For those of you who follow me, this post is going to be quite different. If you go back to the previous one I wrote, this one might be the complete opposite. It’s not really connected with English teaching or bilingual contexts necessarily. It’s more about a different world or timeline if you like. This is another version of André Hedlund from a different world talking to you.
Alternate reality, parallel universe, another dimension. These are common ways to refer to the idea that what we can see right before our eyes or experience through our other senses is not the whole truth. There are hidden worlds where existence can challenge our notion of how the universe works, where the laws of physics seem to break.
Marvel’s animated series on Disney+ capitalized on that. What if…? presents viewers with a glimpse of how events could’ve turned out if there was a change, often small, at a key moment of the saga in the Marvel Cinematic Universe. What if Steve Rogers had never taken the super-soldier serum? What if Thor had been an only child?
This is certainly not the first time comic books – or fiction in general – play with the idea of alternate realities.
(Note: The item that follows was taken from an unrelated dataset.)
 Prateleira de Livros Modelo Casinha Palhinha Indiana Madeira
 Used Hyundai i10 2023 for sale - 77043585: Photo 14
Remember Thanos and the reality stone? Ever heard of DC’s villain Mister Mxyzptlk, a trickster who came from the fifth dimension and could warp reality? What about Superman’s Bizzaro World where things were diametrically opposite from things on earth?
If you’re not a comic book fan, I’m sure you’ve read or heard of Journey to the Center of the Earth by Jules Verne, or Lewis Carroll’s Alice in Wonderland, or The Matrix by the Wachowski sisters – I’m excited to watch the new installment! You might be wondering why I’m talking about this. Well, what if I told you that this blog post will challenge many of the views I’ve been so fiercely defending in the last couple of years? Let’s say I stopped thinking teachers should learn the Science of Learning or base their practice on the Mind, Brain, and Education science. Let’s imagine for a second that teacher-centeredness and direct instruction should be prioritized.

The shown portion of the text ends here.